History

Nazi Germany
- Name: U-1227
- Ordered: 14 October 1941
- Builder: Deutsche Werft, Hamburg
- Yard number: 390
- Laid down: 1 February 1943
- Launched: 18 September 1943
- Commissioned: 8 December 1943
- Decommissioned: 10 April 1945
- Fate: Scuttled on 3 May 1945. Later raised and broken up.

General characteristics
- Class & type: Type IXC/40 submarine
- Displacement: 1,144 t (1,126 long tons) surfaced; 1,257 t (1,237 long tons) submerged;
- Length: 76.76 m (251 ft 10 in) o/a; 58.75 m (192 ft 9 in) pressure hull;
- Beam: 6.86 m (22 ft 6 in) o/a; 4.44 m (14 ft 7 in) pressure hull;
- Height: 9.60 m (31 ft 6 in)
- Draught: 4.67 m (15 ft 4 in)
- Installed power: 4,400 PS (3,200 kW; 4,300 bhp) (diesels); 1,000 PS (740 kW; 990 shp) (electric);
- Propulsion: 2 shafts; 2 × diesel engines; 2 × electric motors;
- Speed: 18.3 knots (33.9 km/h; 21.1 mph) surfaced; 7.3 knots (13.5 km/h; 8.4 mph) submerged;
- Range: 13,850 nmi (25,650 km; 15,940 mi) at 10 knots (19 km/h; 12 mph) surfaced; 63 nmi (117 km; 72 mi) at 4 knots (7.4 km/h; 4.6 mph) submerged;
- Test depth: 230 m (750 ft)
- Complement: 4 officers, 44 enlisted
- Armament: 6 × torpedo tubes (4 bow, 2 stern); 22 × 53.3 cm (21 in) torpedoes; 1 × 10.5 cm (4.1 in) SK C/32 deck gun (180 rounds); 1 × 3.7 cm (1.5 in) Flak M42 AA gun; 2 x twin 2 cm (0.79 in) C/30 AA guns;

Service record
- Part of: 31st U-boat Flotilla; 8 December 1943 – 31 July 1944; 2nd U-boat Flotilla; 1 August – 31 December 1944; 33rd U-boat Flotilla; 1 January – 10 April 1945;
- Identification codes: M 54 328
- Commanders: Oblt.z.S. Friedrich Altmeier; 8 December 1943 – 10 April 1945;
- Operations: 1 patrol:; a. 14 September – 26 December 1944; b. 27 – 29 December 1944; c. 2 – 4 January 1945;
- Victories: 1 warship total loss (1,370 tons)
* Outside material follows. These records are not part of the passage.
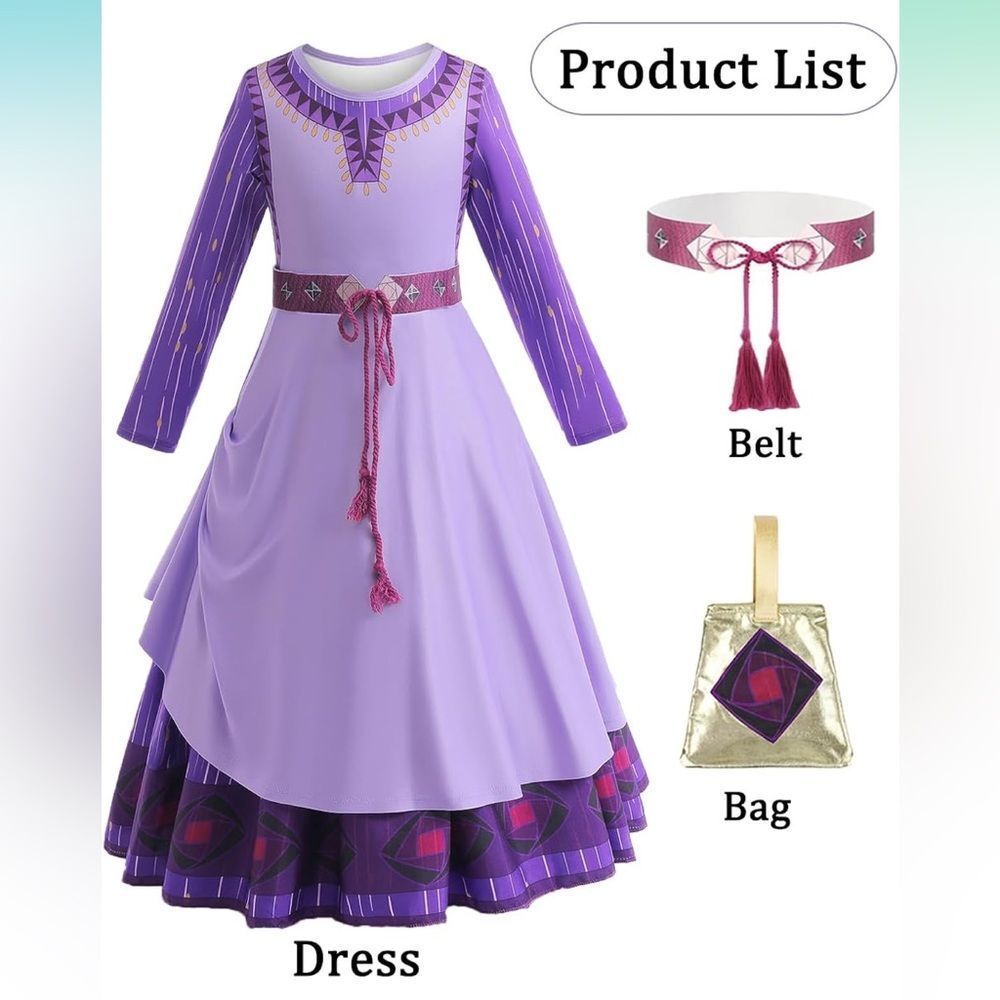 Wish Princess Asha Costume Dress Up Long Sleeve Purple Dress with Belt and Bag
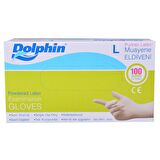 Dolphin Pudralı Muayene Eldiveni 100'Lü (L) Beden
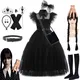 Robe de Cosplay Addams pour Fille et Enfant Costumes Gothiques Noirs Vêtements de ixd'Halloween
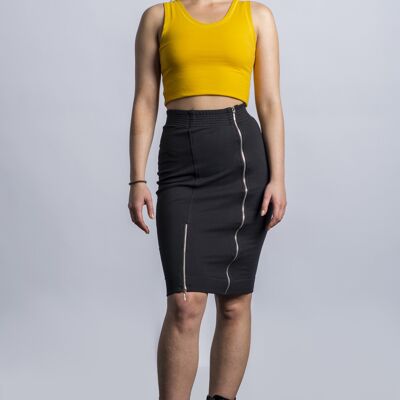 Zip -up pencil skirt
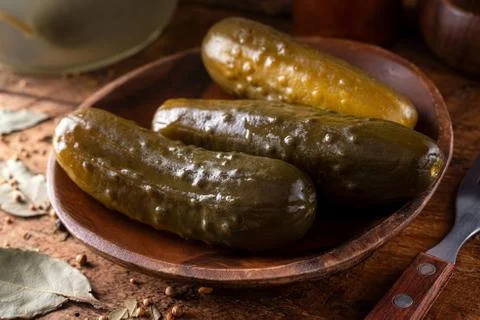 Fermented Kosher Dill Pickles Foto stock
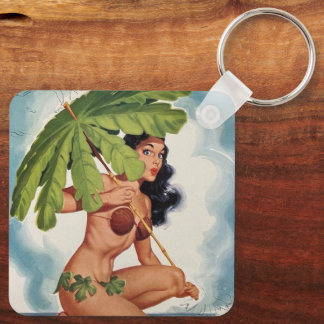 Vintage pin up girl art ♡ Keychain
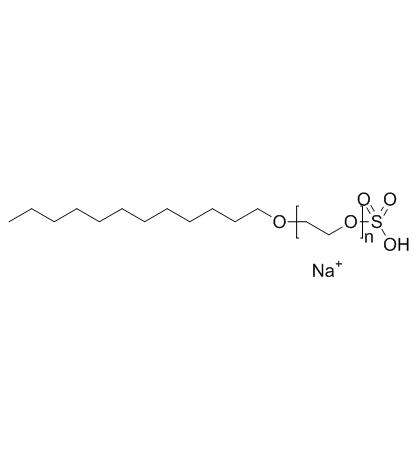Sodium laureth sulfate (Sodium lauryl polyoxyethylene ether sulfate) 化学構造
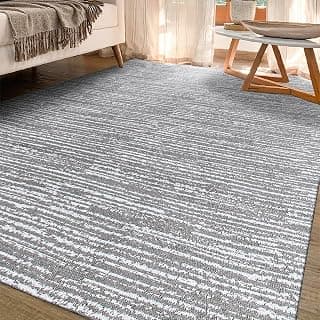 Tapete Sala Antiderrapante 2,00m x 1,40m Emborrachado Mescla Cinza Luxuoso Artesanal de Tear Jacquard Decoração Rústico Estonado para Quarto Fácil de Limpar Lavável - Produto 5 mais recomendado com 4.4 estrelas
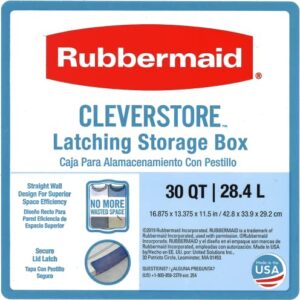 Rubbermaid Cleverstore Clear 30 Qt/7.5 Gal, Pack of 6 Stackable Plastic Storage Containers with Durable Latching Clear Lids, Visible Storage, Great for Closet, Laundry, and Kitchen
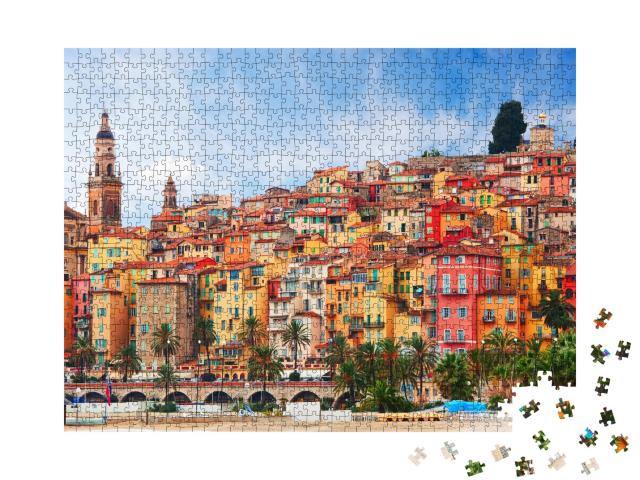 Puzzle 1000 Teile „Blick auf den alten Teil von Menton, Frankreich“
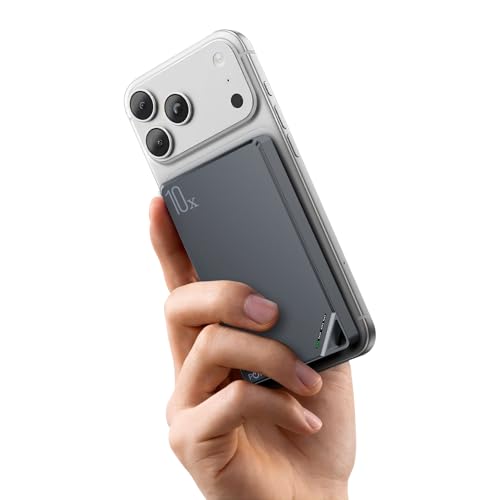Image of POWERUP NanoMag 10000mAh Mag-Safe Power Bank, 15W Fast Wireless Charging | Strong Magnetic Hold | Ultra-Slim 22.5W Fast Charing Type C Port Compatible with Wireless Charging Phones - Grey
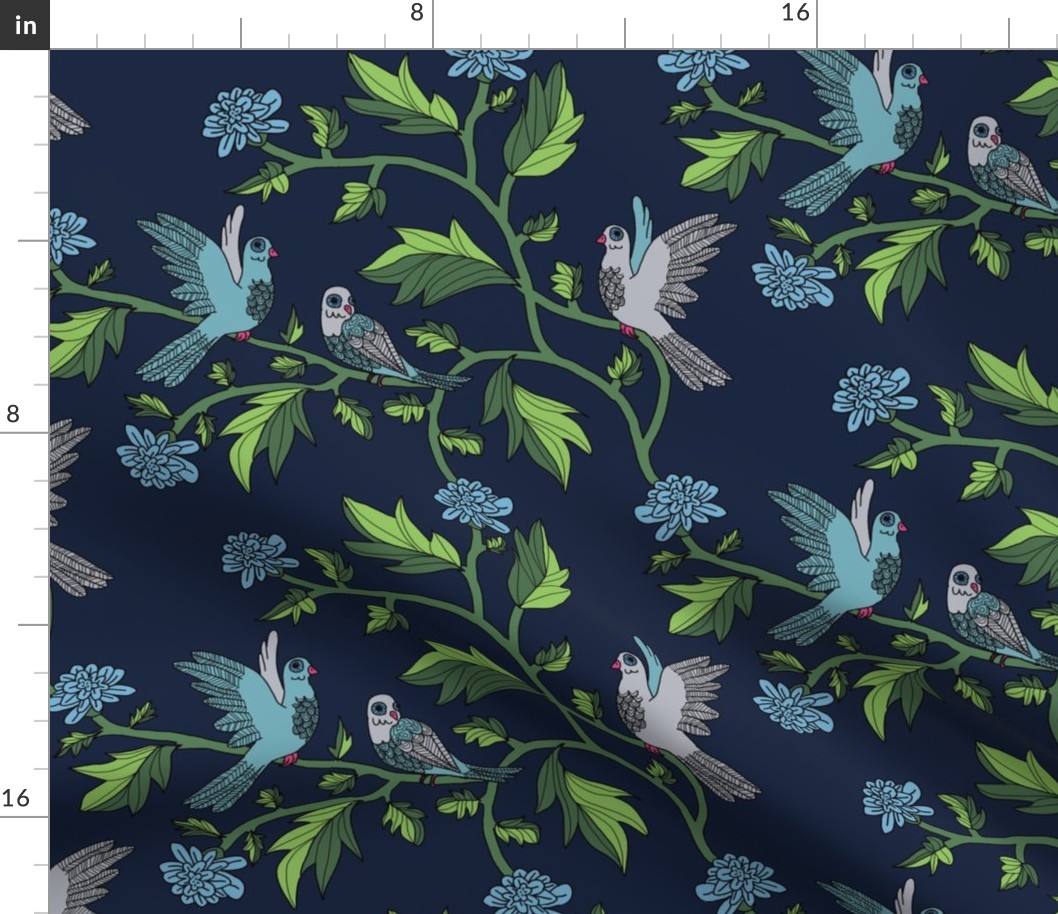 Block Print Doves and Flowering Vines in Turquoise Blue on Darkest Blue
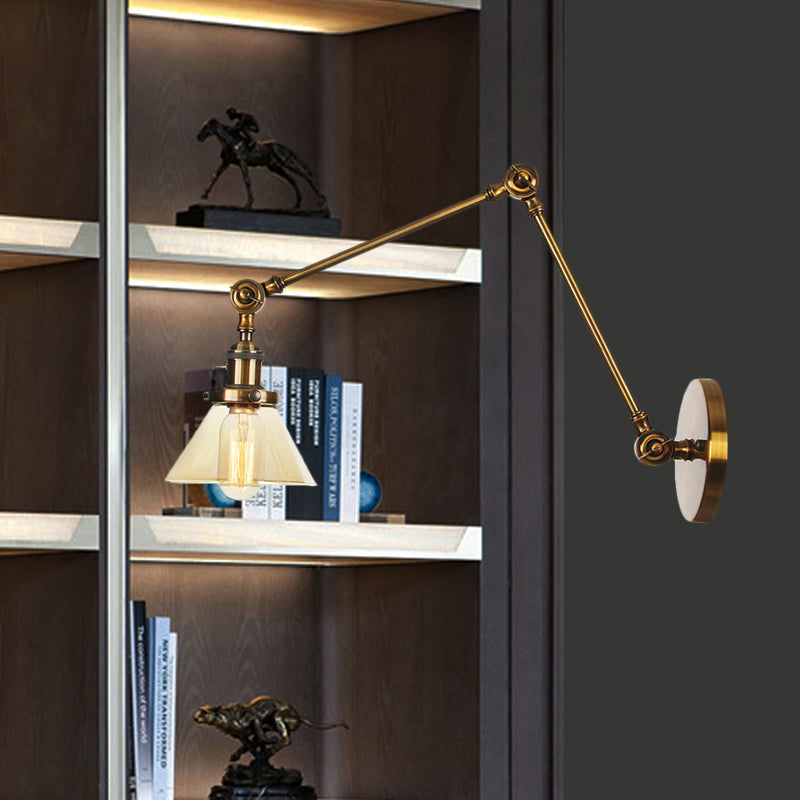 1 Light Wall Lamp Industrial Conical Clear/Amber Glass Sconce in Black/Bronze/Brass with Adjustable Arm, 8“+8"/8"+8"+8" Long Brass Amber 8"+8" Clearhalo 'Art deco wall lights' 'Cast Iron' 'Glass' 'Industrial wall lights' 'Industrial' 'Middle century wall lights' 'Modern' 'Rustic wall lights' 'Tiffany' 'Traditional wall lights' 'Wall Lamps & Sconces' 'Wall Lights' Lighting' 521915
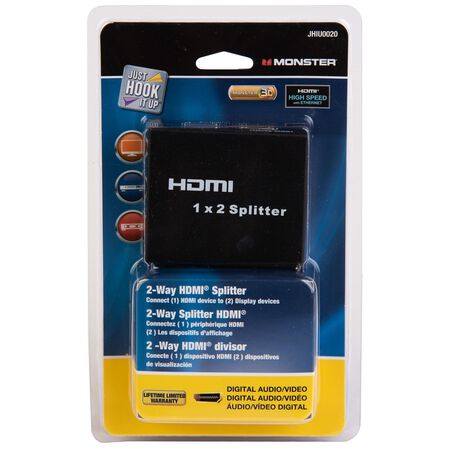 Monster HDMI 2 Way Splitter 1 Black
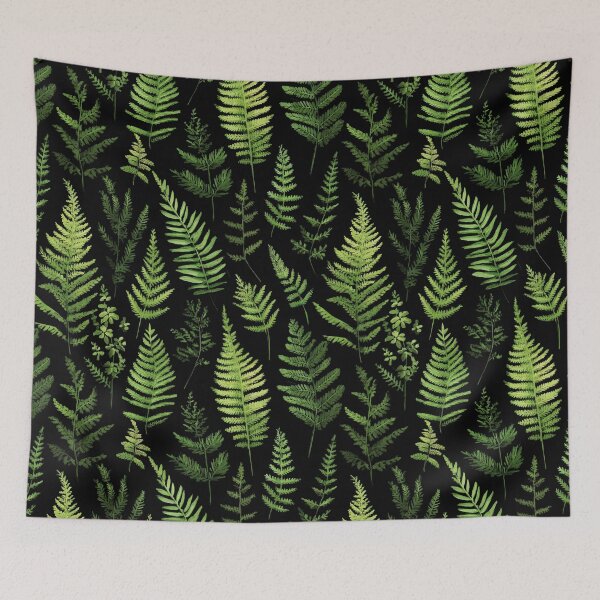 Item preview, Lush Green Ferns on Black Moody Botanical Forest Leaves Pattern designed and sold by Patterns & Love .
= German submarine U-1227 =

German World War II submarine

German submarine U-1227 was a Type IXC/40 U-boat of Nazi Germany's Kriegsmarine during World War II.

The submarine was laid down on 1 February 1943 at the Deutsche Werft yard at Hamburg, launched on 18 September 1943, and commissioned on 8 December 1943 under the command of Oberleutnant zur See Friedrich Altmeier. The U-boat then served with 31st U-boat Flotilla, a training unit, with 2nd U-boat Flotilla from 1 August until 31 December 1944, and with 33rd U-boat Flotilla from 1 January until 10 April 1945.

==Design==
German Type IXC/40 submarines were slightly larger than the original Type IXCs. U-1227 had a displacement of 1144 t when at the surface and 1257 t while submerged. The U-boat had a total length of 76.76 m, a pressure hull length of 58.75 m, a beam of 6.86 m, a height of 9.60 m, and a draught of 4.67 m. The submarine was powered by two MAN M 9 V 40/46 supercharged four-stroke, nine-cylinder diesel engines producing a total of 4400 PS for use while surfaced, two Siemens-Schuckert 2 GU 345/34 double-acting electric motors producing a total of 1000 shp for use while submerged. She had two shafts and two 1.92 m propellers. The boat was capable of operating at depths of up to 230 m.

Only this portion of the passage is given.